Imaginary Mom is the bane of my existence. She's the person that I occasionally think I would be if I didn't have a job and devoted myself to being a full-time wife and mother and homemaker. Imaginary Mom has the backpacks packed the night before, the clean and pressed (matched) clothes laid out for her glowing, perfect children every morning. Imaginary Mom volunteers in the classroom, bakes cookies for the neighbors, and is on time for everything. Imaginary Mom vacuums in high heels and greets her husband at the door every evening with a smile and a kiss. Imaginary Mom makes hot breakfasts for her children on weekdays.

Let's be perfectly clear: I know that actual stay-at-home moms aren't like that (I was one). I know that if I had that much extra bandwidth in any given day, none of that would happen (I would stay up too late every night and still oversleep in the morning). I acknowledge that there was an anomolous period of time during which I was waking up at 5:30 a.m. to run 3 miles every day, but hot breakfasts from scratch didn't happen on those days either. My first breakfast inclination is still a bottle of Tahitian Treat and a Hostess cupcake.

So here's a nice compromise solution, a hot apply-cinnamony rice dish that cooks in the crockpot, keeps in the fridge, and reheats like a dream. Imaginary Mom gets up to make this from scratch at 4 a.m. but I most surely do not.
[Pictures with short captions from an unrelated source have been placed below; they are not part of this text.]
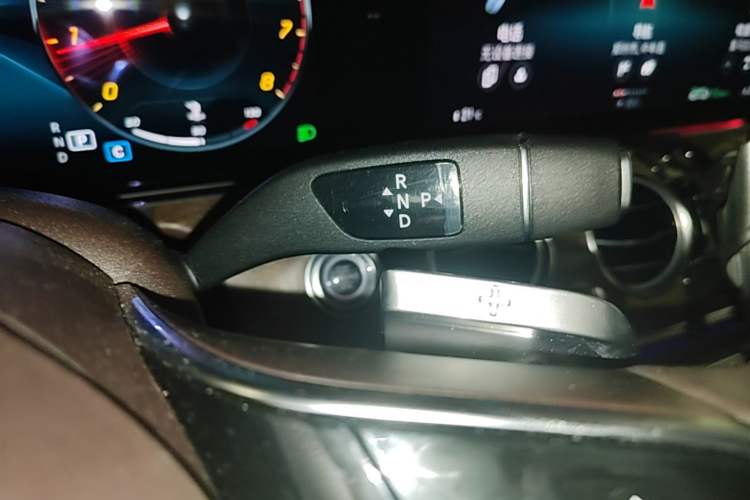 Used Mercedes-Benz E-Class 2021 E 300 L Luxury Model Gear Lever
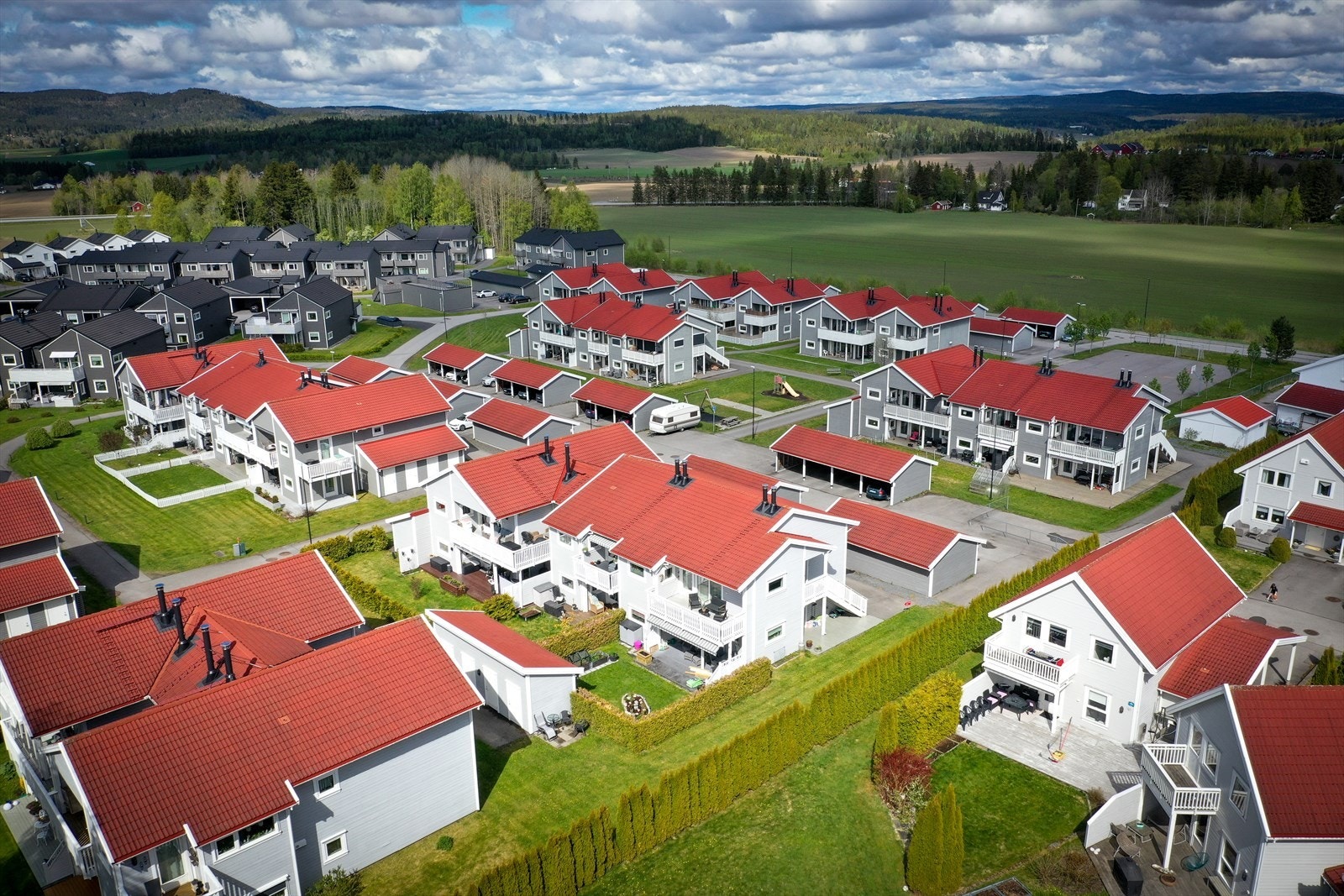 Aurskog er et levende og attraktivt tettsted, omgitt av vakker natur og med et sterkt lokalt fellesskap. Galleribilde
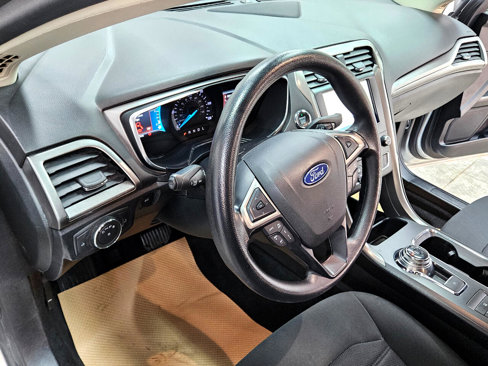 Used 2020 Ford Fusion SE image 17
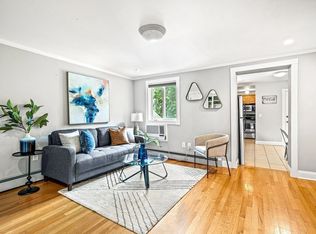14 Monument St APT 3, Charlestown, MA 02129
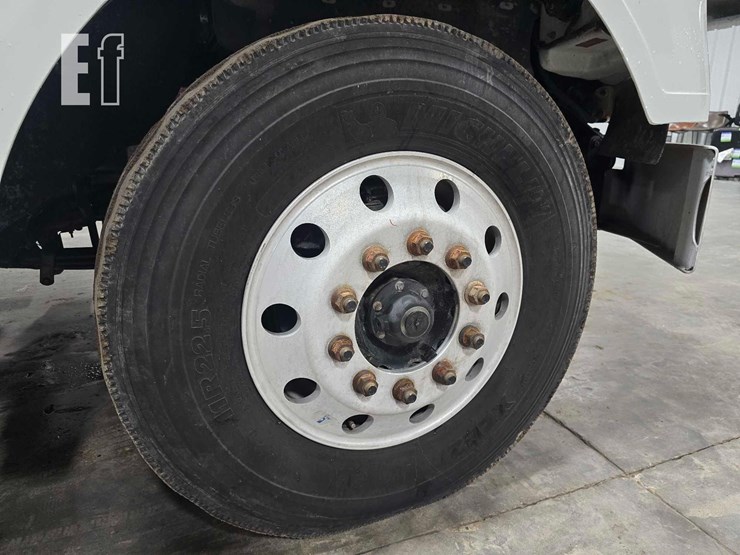 2020-freightliner-122sd-image-27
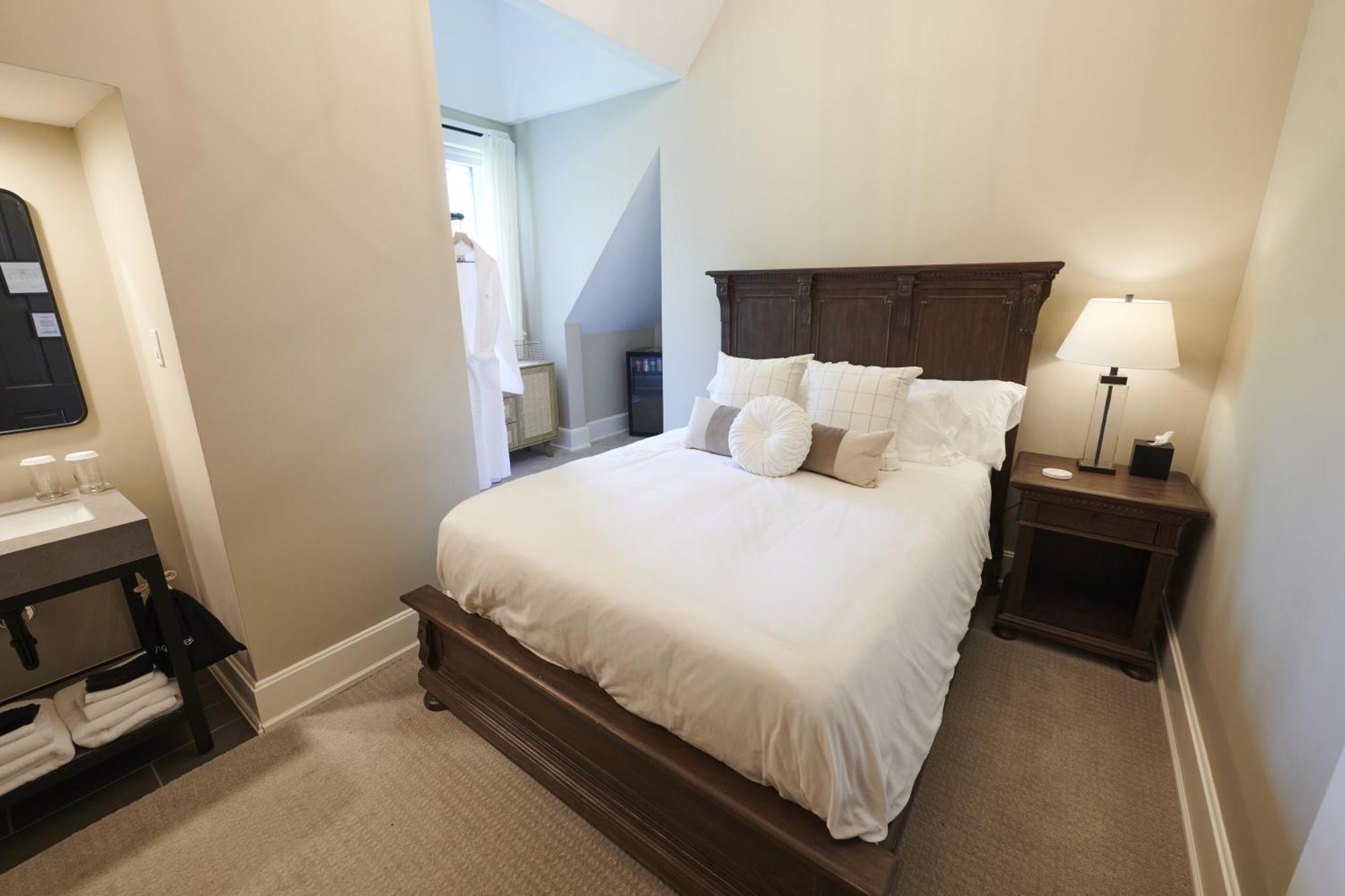 Mon Bijou Hotel Oconomowoc ภายนอก รูปภาพ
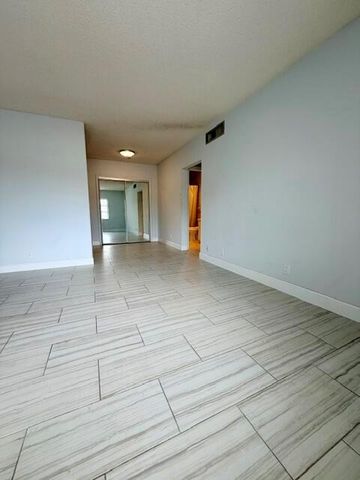 5820 NE 22nd Way 629, Fort Lauderdale, FL 33308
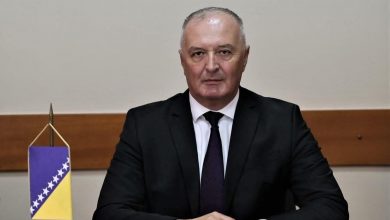 Photo of Helez: Sruši se “srpski svet” kao kula od karata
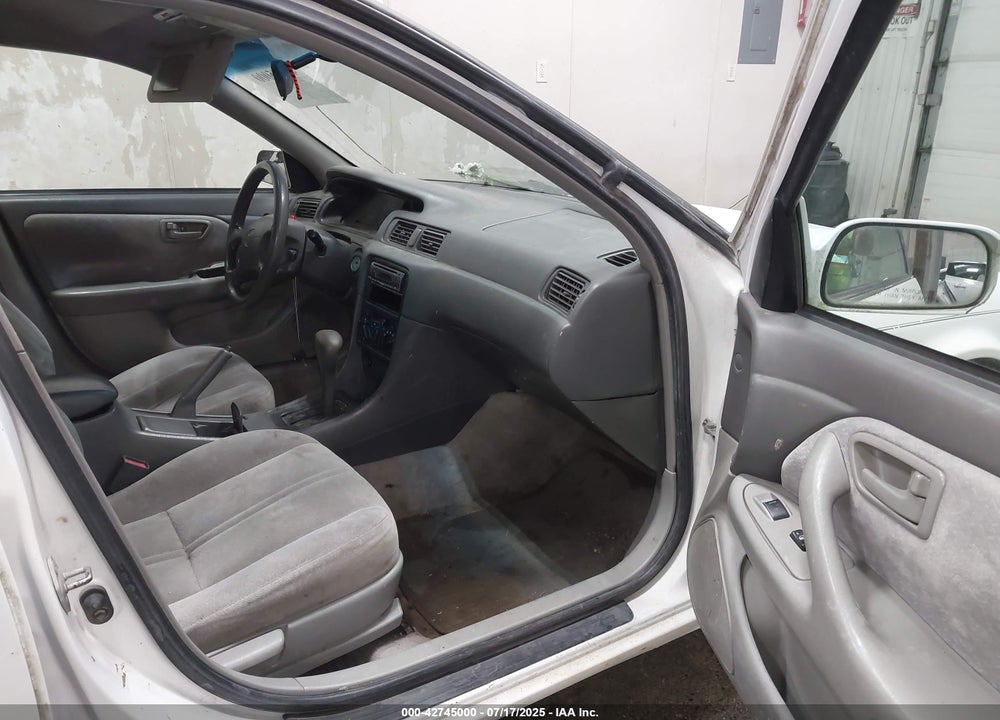 1997 TOYOTA CAMRY VIN: 4T1BG22K9VU125637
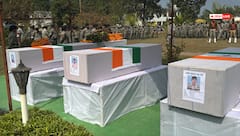 छत्तीसगढ़: शहीद जवानों को दी गई अंतिम सलामी, मारे गए नक्सलियों की शिनाख्त जारी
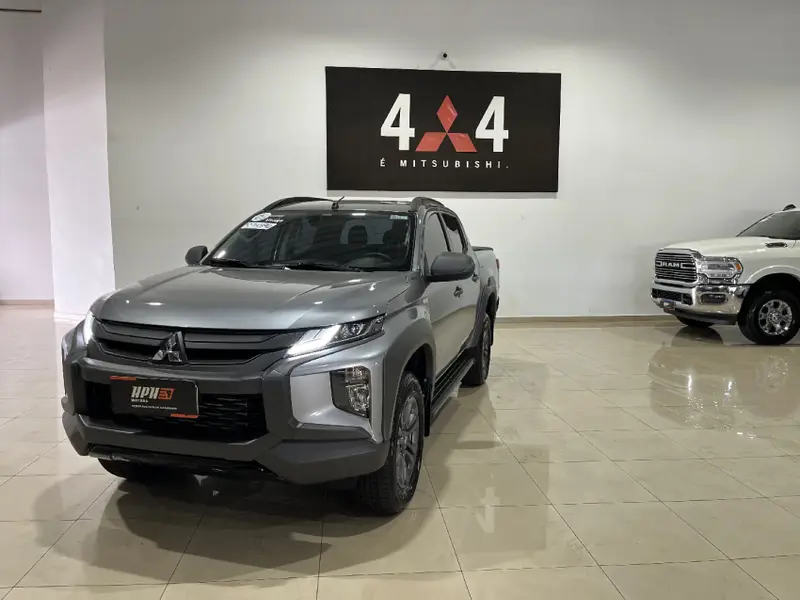 Mitsubishi L200 Triton GLS 2.4 Turbo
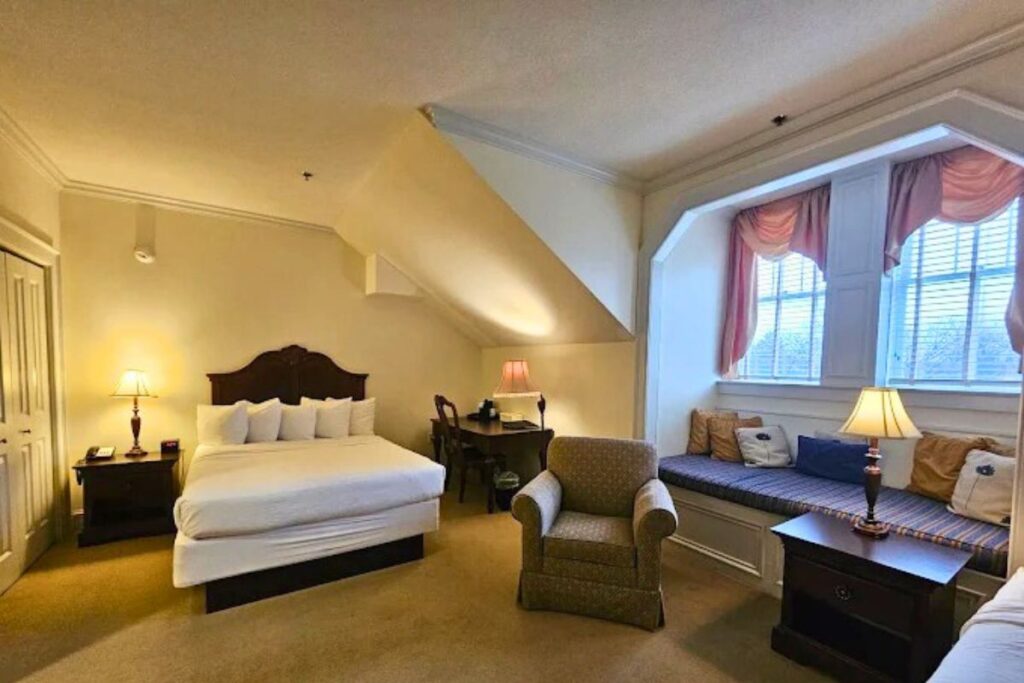 Fort Harrison State Park Inn - Image 2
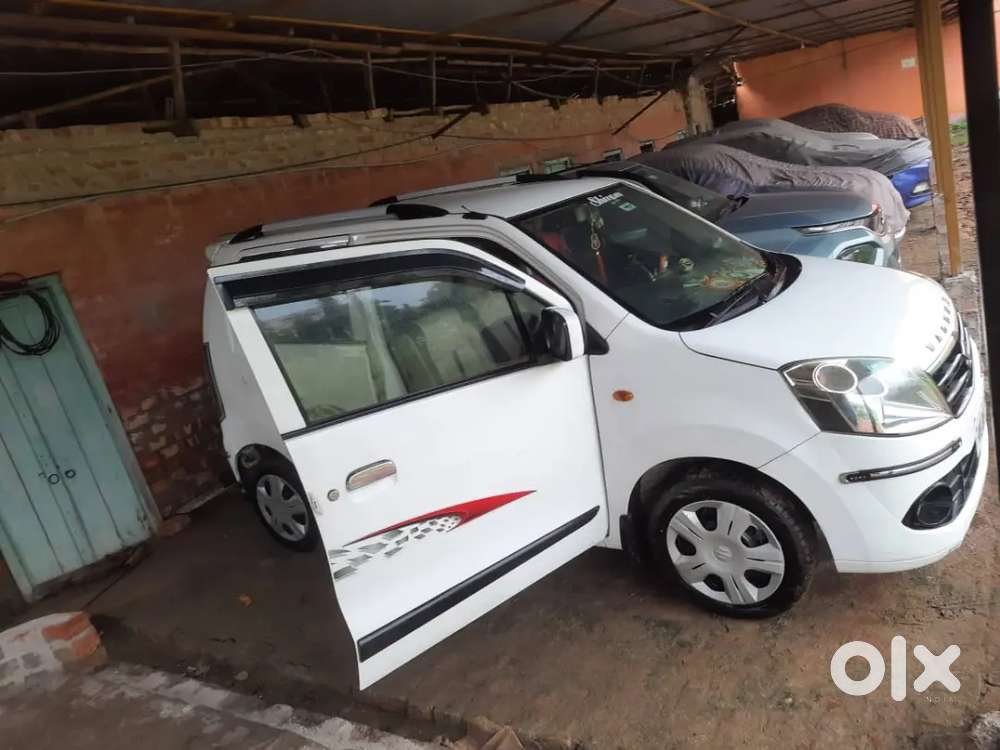 Maruti Suzuki Wagon R 1.0 2010 Petrol Fixtret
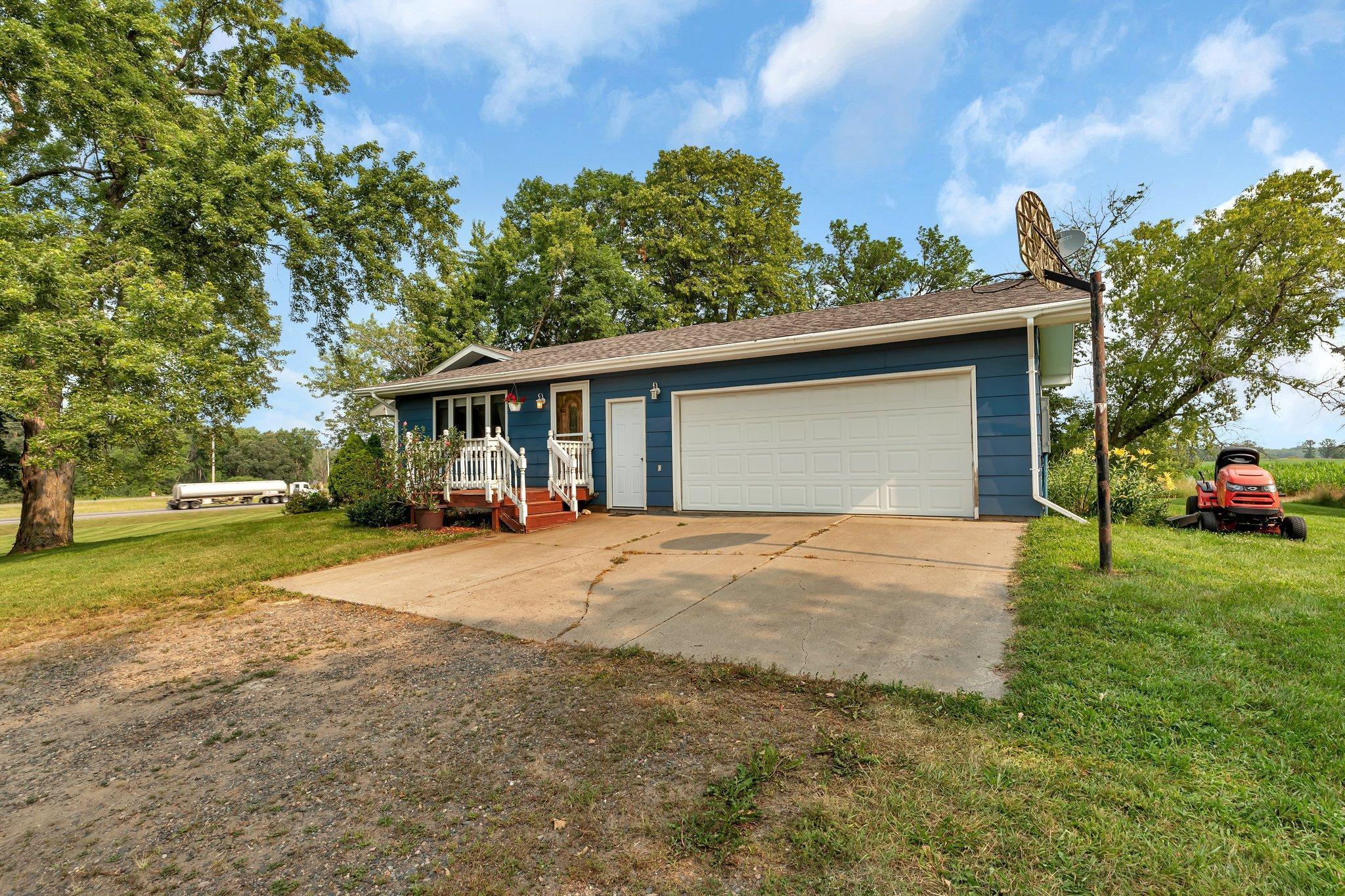 11162 US Highway 169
Imaginary Mom's Breakfast Risotto

3-4 tablespoons butter (or butter substitute, if you're dairy-free)
4 medium Granny Smith apples, cored and diced if you're feeling ambitious or roughly chopped if you're not
1 1/2 teaspoons ground cinnamon
1/4 teaspoon ground allspice
1/4 teaspoon salt
1 1/2 cups arborio rice
1/2 cup dark brown sugar
4 cups apple juice, or an equivalent amount of apple cider diluted with a little water (in the event that your kids decided they hate cider after you buy a gallon of it, and you need to use it up before it turns into vinegar)
1 teaspoon vanilla

Melt the butter in a skillet over medium-high heat. Add the apples and spices and cook until the apples start to release some juice, about 5 minutes.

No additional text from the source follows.